MS Agent Governance Toolkit vs Google AX — two opposite layers of 2026 agent infrastructure
Two of the largest agent infrastructure projects of 2026 dropped within weeks
of each other. They share the keyword "agent runtime" but sit on opposite
sides of the stack. Reading them as competitors misses the point — they're
the two halves of the same architecture.
TL;DR
- MS Agent Governance Toolkit (AGT) — a policy & security plane that decides what an agent is allowed to do.
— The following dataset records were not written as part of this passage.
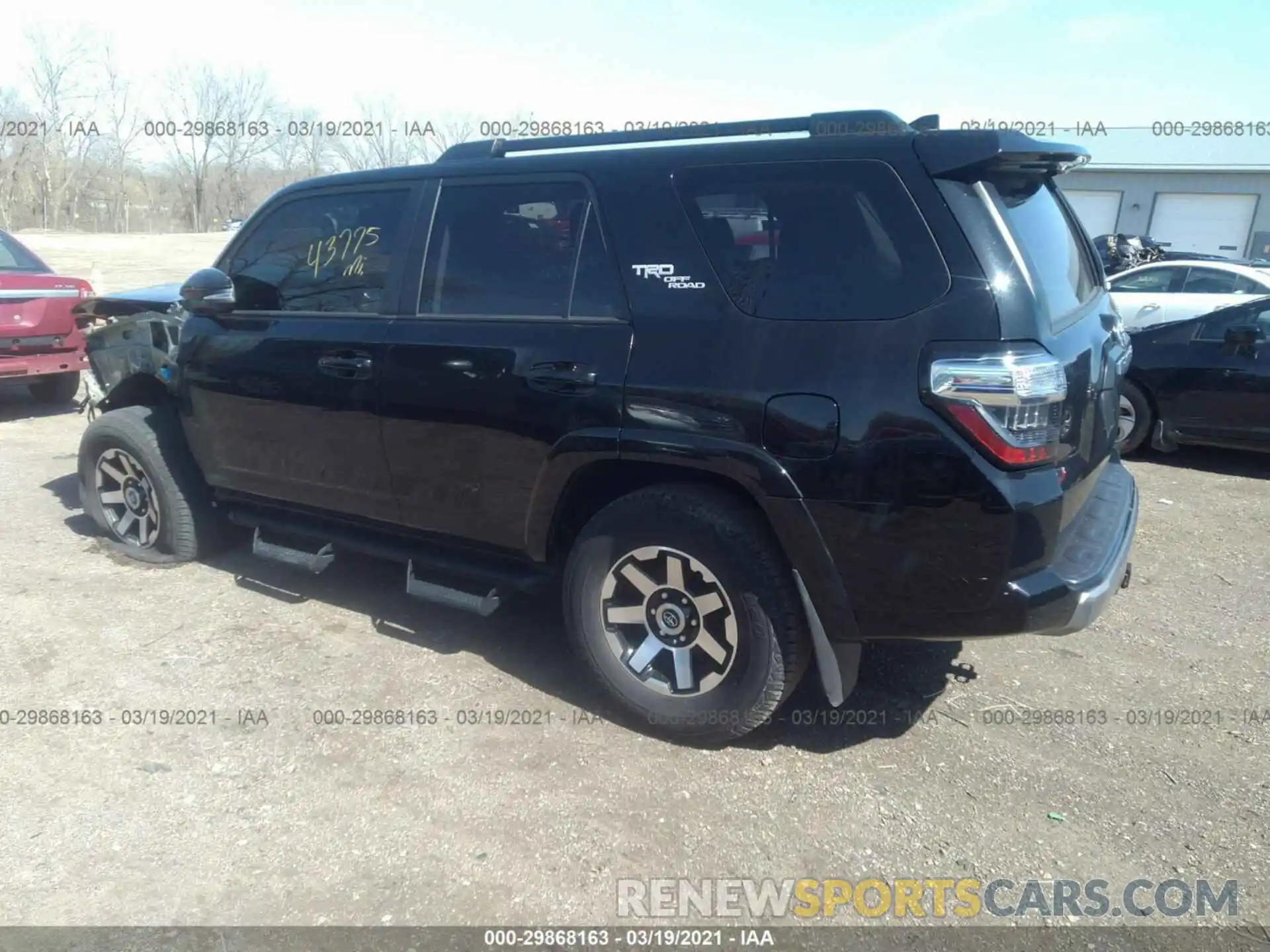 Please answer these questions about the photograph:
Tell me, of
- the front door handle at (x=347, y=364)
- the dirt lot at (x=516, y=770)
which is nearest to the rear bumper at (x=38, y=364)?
the dirt lot at (x=516, y=770)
- Google AX (Agent eXecutor) — a distributed execution plane that runs the agent and survives crashes.
- Not competitors. AGT explicitly ships a Google ADK integration; AX leaves governance out of scope. The intended deployment is AGT on top of AX, not one or the other.
1. Positioning
Dimension | MS Agent Governance Toolkit | Google AX |
Layer | Governance / security side-car | Execution runtime (orchestration core) |
Core value | Action control, compliance | Reliability, automatic recovery |
Announced | 2026-04-02 (MS Open Source blog) | KubeCon NA 2025-11 → expanded 2026 |
License | MIT | Apache 2.0 |
Maturity | Public Preview, v3.7.0 (May 2026) | Active early development, pre-v1.0 (breaking changes expected) |
Explicit non-goals | Prompt guardrails, content safety | Policy/identity beyond audit call wiring |
The split is intentional. AGT's documentation states that prompt-based safety
("just tell the model to follow the rules") yields a 26.67% policy violation
rate, whereas application-layer enforcement reaches 0.00%. AX takes the
inverse stance: it doesn't try to police what the agent says, it makes sure the
agent's process survives and its state is recoverable.
2. Microsoft Agent Governance Toolkit
Features
Capability | Detail |
Policy Engine | YAML, OPA/Rego, Cedar. Single rule eval at 0.012 ms (72K ops/sec), full enforce at 0.091 ms, 50-agent parallel run at 35,481 ops/sec |
Zero-Trust Identity | Ed25519 plus post-quantum ML-DSA-65, trust score 0–1000 |
Execution Sandboxing | 4-tier privilege rings, Saga orchestration, kill-switch |
Agent SRE | SLO / error budget / chaos engineering / circuit breakers |
MCP Security Scanner | Tool poisoning, lookalike-name attacks, hidden-instruction detection |
Shadow AI Discovery | Auto-detection of unregistered agents |
Compliance coverage | OWASP Agentic Top 10 ASI-01 ~ ASI-10 in full (first toolkit to do so, validated by 13K+ tests) |
Tech stack — polyglot across 5 languages
Language | Package | Install |
Python | agent-governance-toolkit[full] | pip install ... |
TypeScript | @microsoft/agent-governance-sdk | npm install ... |
.NET | Microsoft.AgentGovernance | dotnet add package ... |
Rust | agent-governance | cargo add ... |
Go | agent-governance-toolkit | go get ... |
Copilot CLI | @microsoft/agent-governance-copilot-cli | npx ... |
Claude Code | dedicated plugin | — |
Python package layout
- Agent OS — policy engine, capability model, MCP security gateway
- AgentMesh — zero-trust identity, trust scoring, mesh coordination
- Agent Runtime — privilege rings, saga orchestration, execution control
- Agent SRE — SLOs, error budgets, chaos, circuit breakers
- Agent Compliance — OWASP verification, policy linting, integrity checks
Framework integrations
Each adapter hooks into the framework's native extension point — no agent
code rewrite required:
- Microsoft Agent Framework, Semantic Kernel
- LangChain / LangGraph (callback handlers)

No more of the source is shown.